Inspection Party, 1952

Congress authorized Buford Dam for construction in 1946 as part of the overall development of the nation’s waterways after the Second World War.  The river and harbor legislation that came out of Congress during this time period was targeted at developing the nation’s rivers systems for national defense, flood control, power production, navigation and water supplies.  The U.S. Army Corps of Engineers was involved in hundreds of projects all over the United States, as the scope of this massive undertaking was unprecedented.

 

Funding for construction first appeared on the horizon for the project in late 1949 as part of a multi-million dollar public works appropriation for the State of Georgia which saw $750,000.00 go to Buford Dam.  This money was used to complete the initial planning and design phases of the project such as the powerhouse design and for the start of construction.  The ground breaking was held on the Gwinnett County side of the future dam site on March 1, 1950.
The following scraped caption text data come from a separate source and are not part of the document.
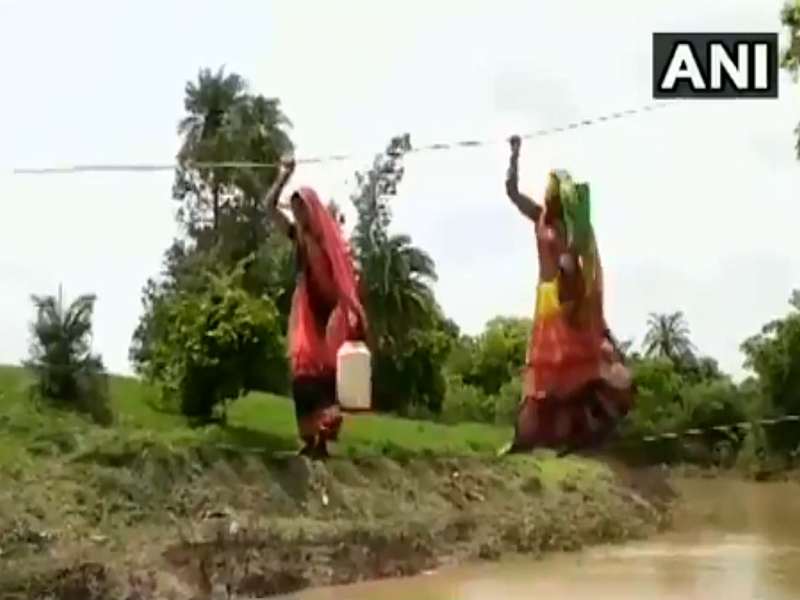  Video: Chandrayaan-2 In a country that is struggling to reach the village women of Sonkach Tehsheel in madhya pradesh | Video : 'चांद्रयान-2' झेपावणाऱ्या देशात, गावी पोहोचण्यासाठी दोरीवरची कसरत 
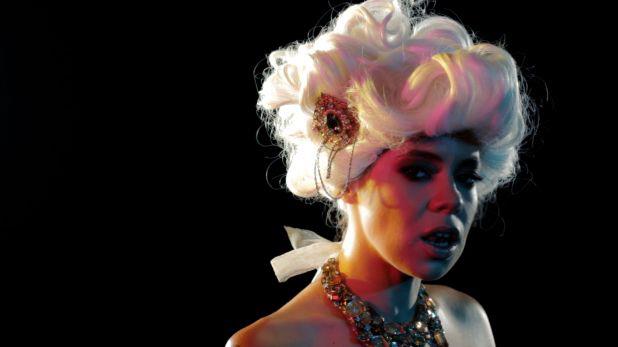 Lurdez da Luz no clipe de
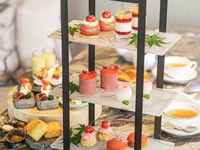 [10% OFF for reservations made at 4 PM on weekends and holidays] Peach Afternoon Tea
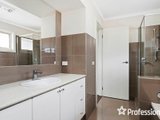 https://images.listonce.com.au/custom/160x/listings/355-albert-hill-road-lilydale-vic-3140/974/01524974_img_07.jpg?PFi4ShYVx5E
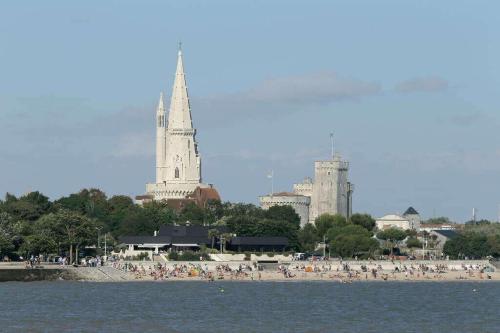 Vue Superbe sur Tour de la Lanterne T2 + Terrasse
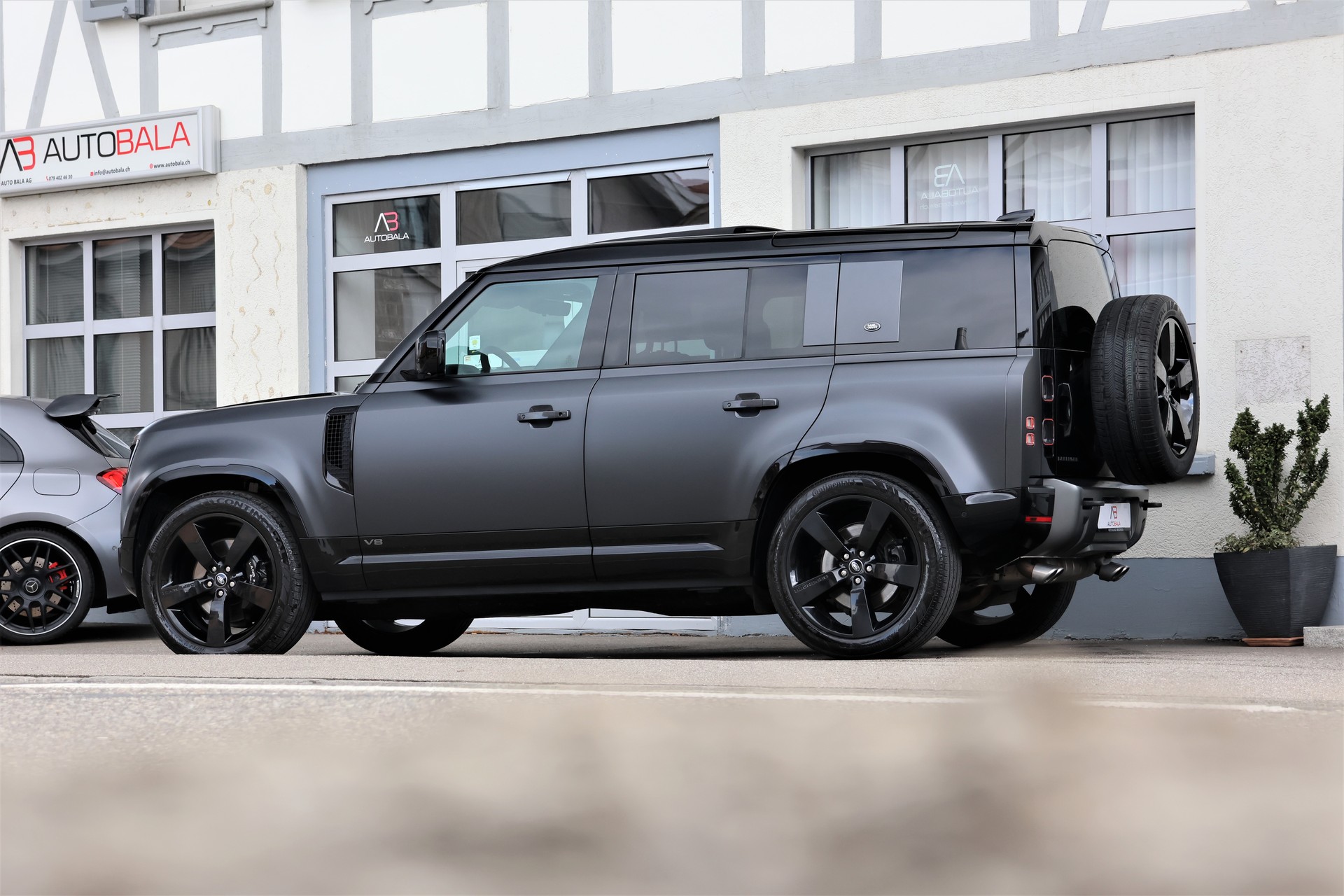LAND ROVER Defender 110 525 V8 5.0 Carpathian Edition AT8 "StormGrey" 3'500KG AHK-showroom-element-3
Excavation for Powerhouse, 1951

 Hundreds of people from all over North Georgia braved the cold damp weather conditions to make the trek along the water soaked muddy roads to get to the groundbreaking ceremony.  The work on the three saddle dikes, main earth dam, powerhouse, as well as bridge & highway relocation and construction would take over seven years.  Although the work would be completed by private companies they would have to follow government specifications agreed to at the time the contracts were awarded.

 

During this time period the government would also have to acquire the rights to over 56,000 acres of land and see to the relocation of over 700 families.  This was necessary in order to prepare the land for a 38,000-acre reservoir with over 692 miles of shoreline.  The government followed strict guidelines spelled out in the “River and Harbor Act” legislation in acquiring private property for public use.  Careful attention was paid in removing homes, barns, wells, fencing, and other physical property to prevent navigation hazards on the lake in the future.   This one aspect of the project’s construction had a price tag of over 19 million dollars.  Most property was purchased for between $25 and $75 per acre.  When complete, the total cost of the project’s construction, including the acquisition of land related items, was nearly 45 million dollars.
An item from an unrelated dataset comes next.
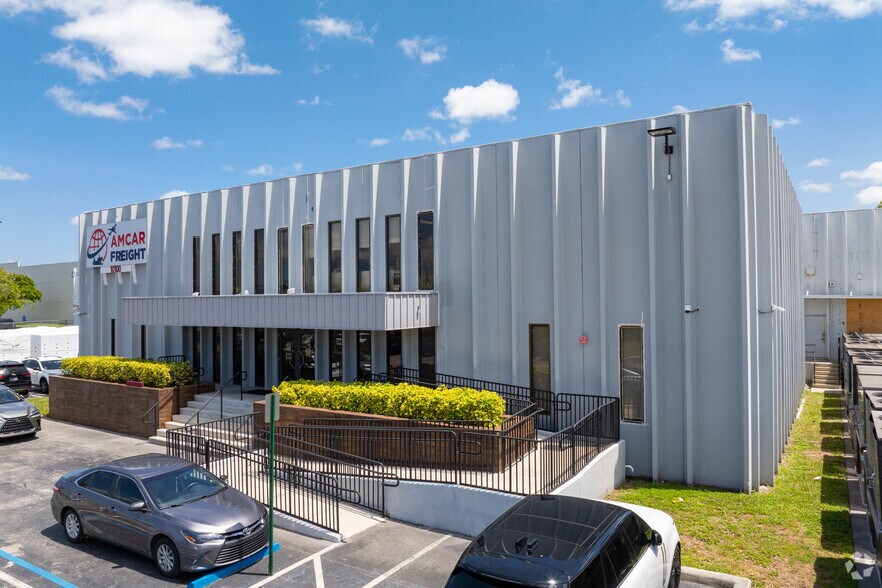 More Photos Of 10100 NW 25th St, Miami Warehouse For Lease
Construction of penstocks, 1953

On February 1, 1956 the gates of the intake structure were closed on the lakeside of the dam starting the slow process of creating the reservoir that was eventually named Lake Sidney Lanier after the Georgia born poet and musician who died in the 1880’s.  It took over three years for the lake to record its normal elevation of 1070 feet above sea level for the first time on May 25, 1959.  The dedication was held on top of the intake structure parking lot on October 9, 1957.

 

 

 

 

Main dam construction, 1953   Brown's Bridge construction, 1953              

 

Profile picture of Sidney Clopton Lanier

 

Sidney Clopton Lanier was a poet and musician who was born and raised in Macon, Georgia in the decades preceding the Civil War.  He was one of three children born to Robert Sampson and Mary Jane Lanier on Thursday, February 3, 1842.  He had a younger brother Clifford and a sister Gertrude.  Sidney was raised, as most boys were in the South at that time with a strong sense of honor and duty to his heritage in antebellum Georgia.  He was a self-taught musician who learned to play a wide range of musical instruments including the guitar, flute, organ, and piano.  It was his passion for music and literature that would later define his life.

 

At 14 years of age he entered Oglethorpe College near Midway, Georgia graduating at the top of his class in 1860.  His love for the classics sparked a keen interest in traveling abroad after graduation but fate stepped in and his life took a different spin.   His southern upbringing forged his desire to serve the South and all he felt it stood for.  In later years he would comment in despair on having been foolish enough to have been so wrapped up in the Southern mystique that he felt it his duty to march off to war to defend his simple way of life. 

 

He served valiantly in several campaigns including Seven Pines, Drewry’s Bluffs, The Seven Days Battles, Malvern Hill, Chancellorsville, and even in defense of Petersburg.  While serving on the blockade-runner “Lucy” he was captured and imprisoned at Point Lookout, Maryland.  It was while he was a prisoner of war that he contracted Tuberculosis, which would claim his life at such a young age.  After the war he married, had children, traveled all over the country trying to find a climate suitable to his condition, all the while producing literature and music, in between periods of extreme illness, that endures even today.

 

He spent a good deal of his time near the end of his life in Baltimore, Maryland, having moved there for the first time in 1873, where he managed to played a flute for the Peabody Symphony and even become a lecturer at John Hopkins University.  He would travel to other places for indeterminate amounts of time, usually for reasons of health but would eventually end up back in Baltimore.  In early 1881, at the advise of his doctors, he took to the mountains near Asheville, North Carolina in hopes the high, clean climate would allow him to continue his work and life.   In August of that year he took a ride to Lynn, North Carolina in Polk County hoping the climate there would be better for his fever and hemorrhaging which by now had become an ever present companion.    It proved to be the final round though as his health took a turn for the worst and he was unable to return to Asheville.  He set up an encampment there and on the evening of September 7, 1881 he passed away.   His wife had his body returned to Baltimore and buried in Greenmount Cemetery.   A large pink colored boulder from the State of Georgia was placed at his burial site with an inscription from one of his poems “Sunrise” “I am lit with the sun”.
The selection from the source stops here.